Represent the Survey Sponsor Truthfully

To boost response rates, you could misidentify the survey sponsor. It is well known that people are more willing to answer questionnaires fielded by universities and prestigious national polling organizations (like Gallup or Harris) than by commercial firms. Regardless, you never should lie about your survey’s sponsor. In particular, never pretend that you are conducting academic research. For example, to encourage respondents who otherwise would have opted out of your survey, you could ask field workers—those people who collect your data—to pretend that they are students working on their professor’s research. After all, doesn’t every marketing professor conduct a study about the viability of a new motel in Hobbs, New Mexico?

Assume you own a restaurant and want to study customers’ satisfaction with your food, service, and ambiance. You will receive more honest feedback if they believe that they are participating in a general survey of restaurants, conducted by an independent research company, and your restaurant is included. In this case, it is acceptable not to identify yourself as the research sponsor; failing to identify the sponsor is not lying about the sponsor.

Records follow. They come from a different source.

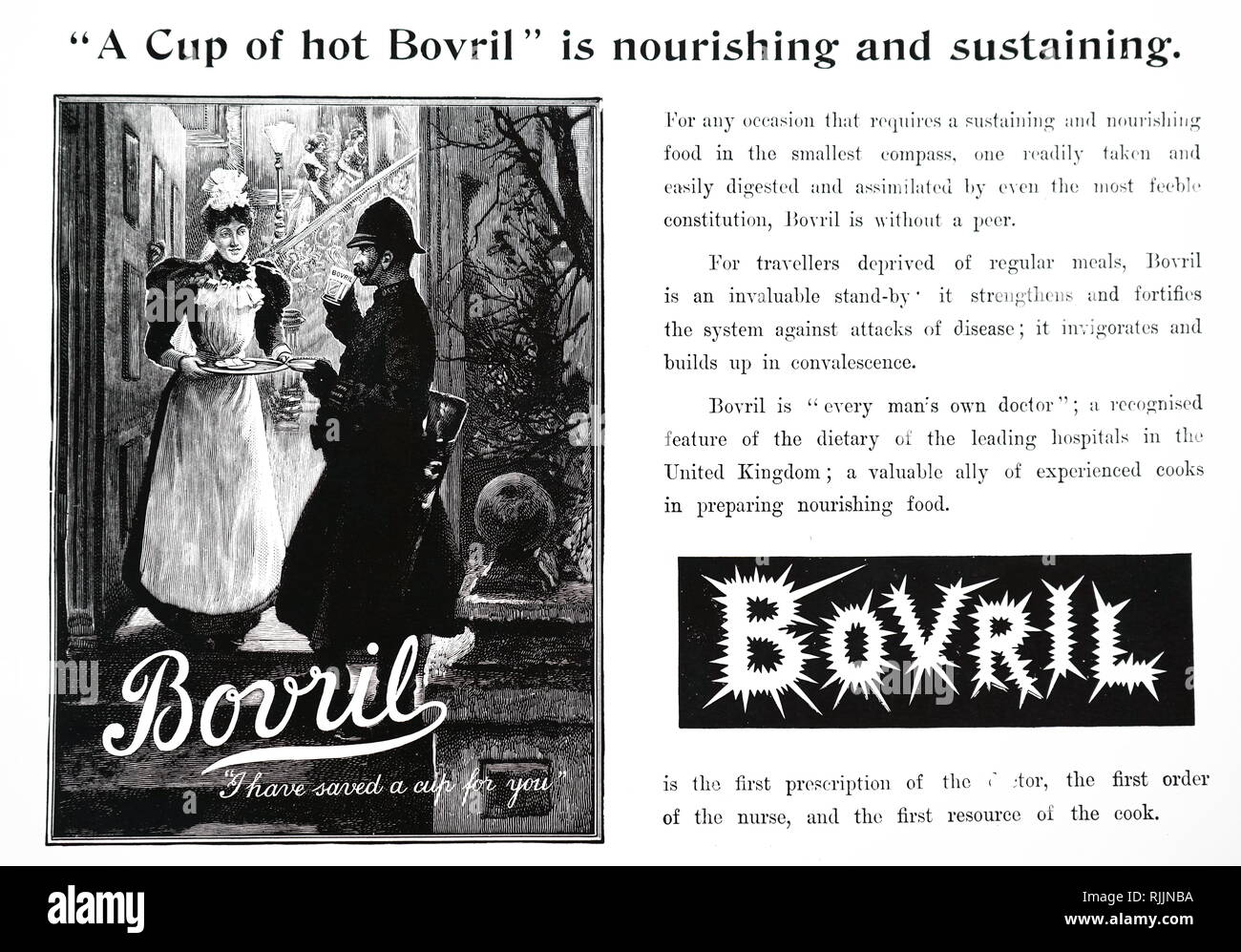 An advertisement for Bovril. Dated 20th century Stock Photo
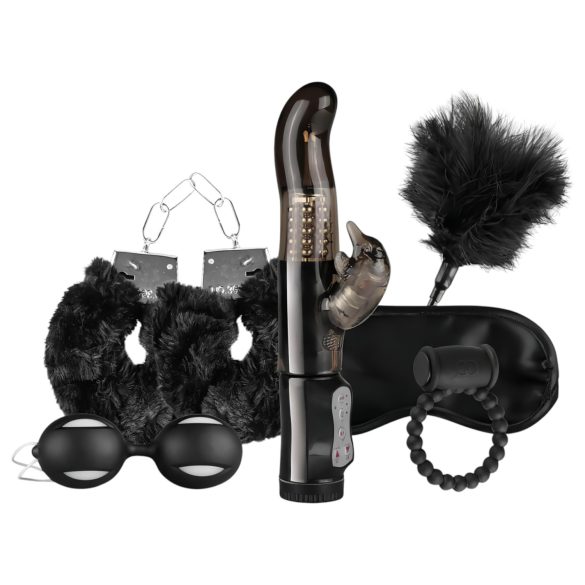 LoveBoxxx Jeg elsker Sort - 6-delt vibrator- og bondage-sæt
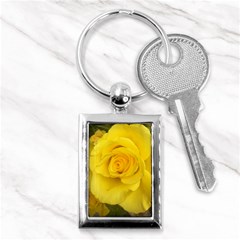 Yellow Rose Key Chain (rectangle) by glendatartist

Avoid Sugging and Frugging

Sugging and frugging are two related and obscene-sounding deceptive practices that you should avoid. Sugging is short for selling under the guise of research, and frugging is short for fundraising under the guise of research.

Unfortunately, these practices, especially for telephone interviewing, have negatively affected researchers’ ability to collect survey data. The widespread usage of sugging and frugging have primed potential respondents to assume that any phone solicitation asking them to participate in a survey will ultimately entail a request either to buy something or to contribute to a charitable organization. To avoid such unwanted telephone interactions, people either screen such calls or hang up automatically; as a result, response rates for telephone interviews have dropped precipitously and needlessly increased survey costs.

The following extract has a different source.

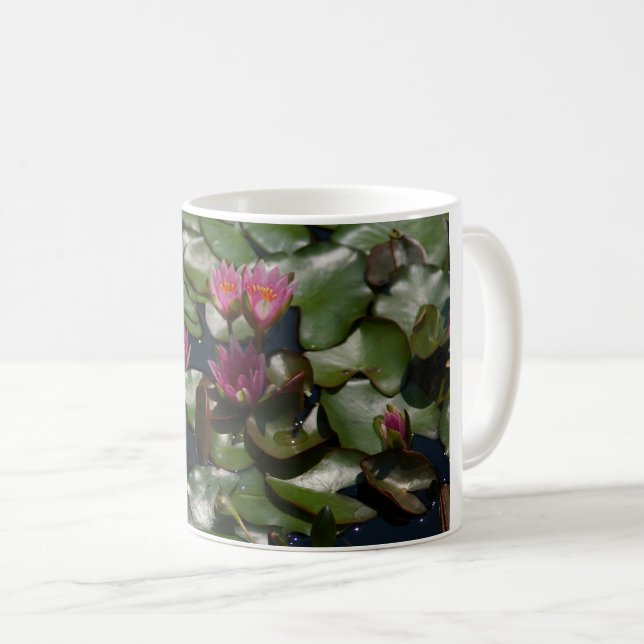 Rosa Wasserlilien Kaffeetasse (VorderseiteRechts)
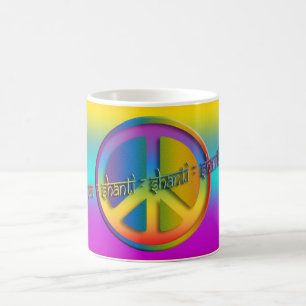 Mug PEACE OM SHANTI linéaire coloré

Present the Survey’s Processes, Procedures, and Purposes Accurately

When people agree to participate in a survey, they should be fully aware of what participation entails. Misrepresenting data collection processes and procedures (for example, to boost response rates and thus reduce research costs) is unethical. Also, respondents cannot provide informed consent to participate in a survey if they are unaware of its purpose.

In particular, be truthful about:

·     Required time commitment. To increase response rate, a researcher could tell prospective participants that a questionnaire requires only a half hour to complete when he/she knows that it will take an hour. In fact, failure to disclosure any aspect of the research procedures, such as the use of follow-up questionnaires, also reflects inadequate concern for respondents’ time.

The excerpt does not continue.